*** Opening Data supplied ***
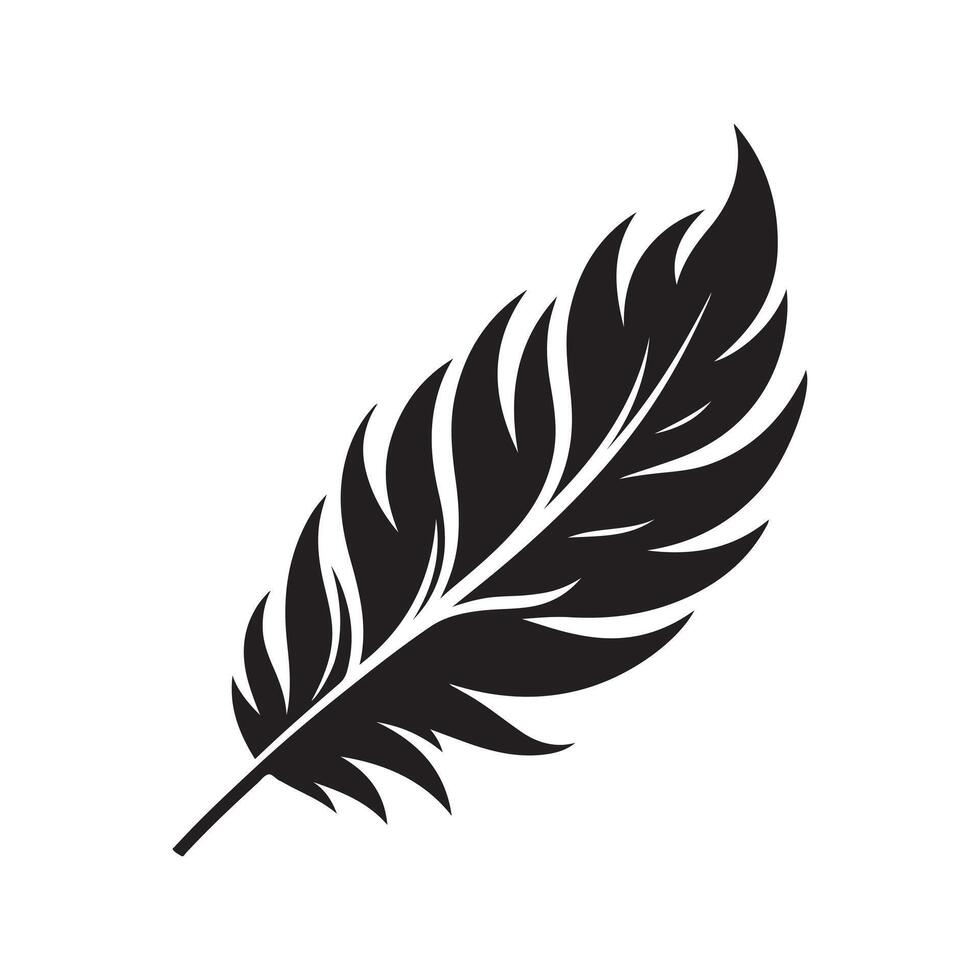 Feather Black Silhouette Design for Branding vector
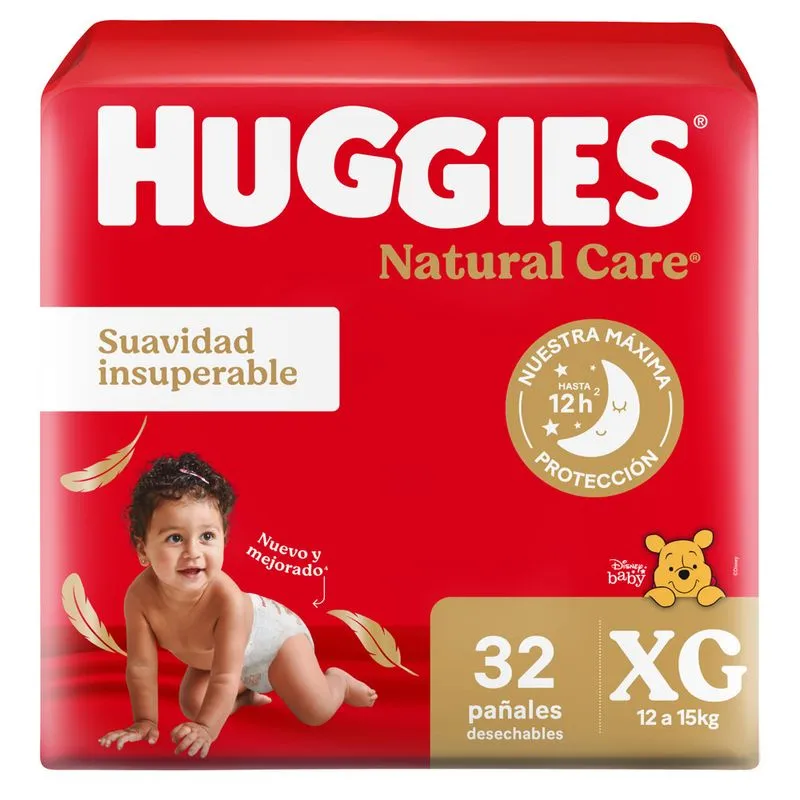 [14785] PAÑAL HUGGIES NATURAL CARE "XG" x 32 U 
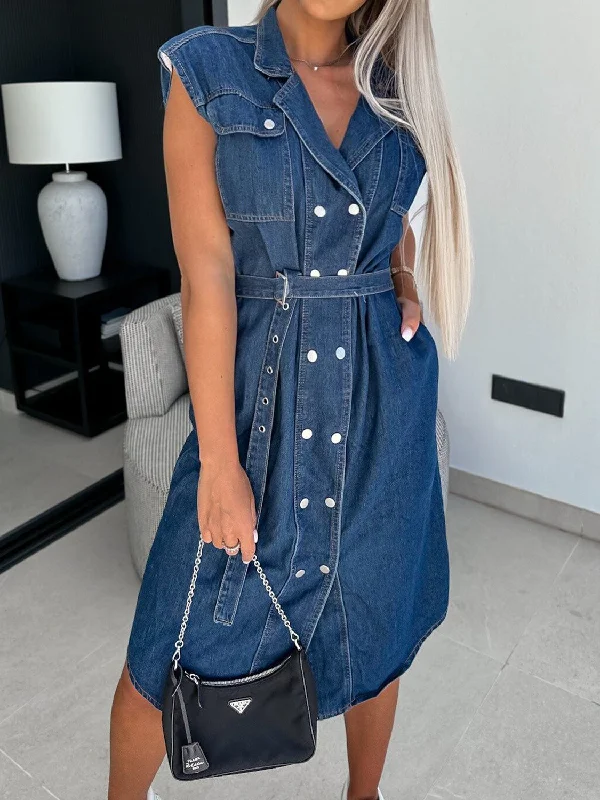 "Flossy" Sleeve Denim Dress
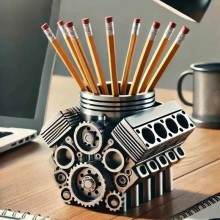 V8 Car Engine Resin Pen Holder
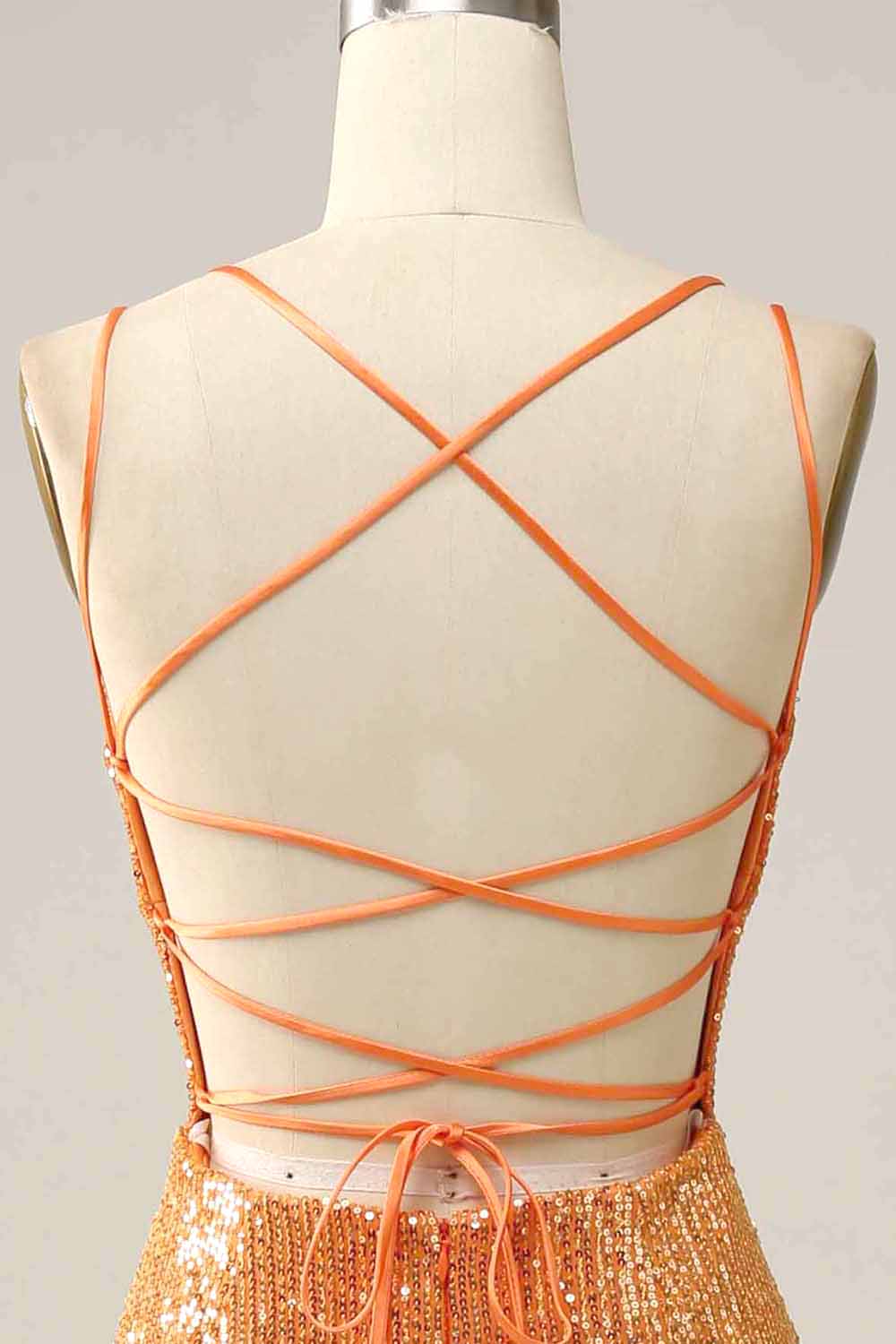 Orange Sequined Backless Mermaid Prom Dress Sparkly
*** Closing Data supplied ***
### Exercise prompt
Return every line of the listing exactly, leaving its pictures behind.

### Answer below
 Feather Black Silhouette Design for Branding vector
 [14785] PAÑAL HUGGIES NATURAL CARE "XG" x 32 U 
 "Flossy" Sleeve Denim Dress
 V8 Car Engine Resin Pen Holder
 Orange Sequined Backless Mermaid Prom Dress Sparkly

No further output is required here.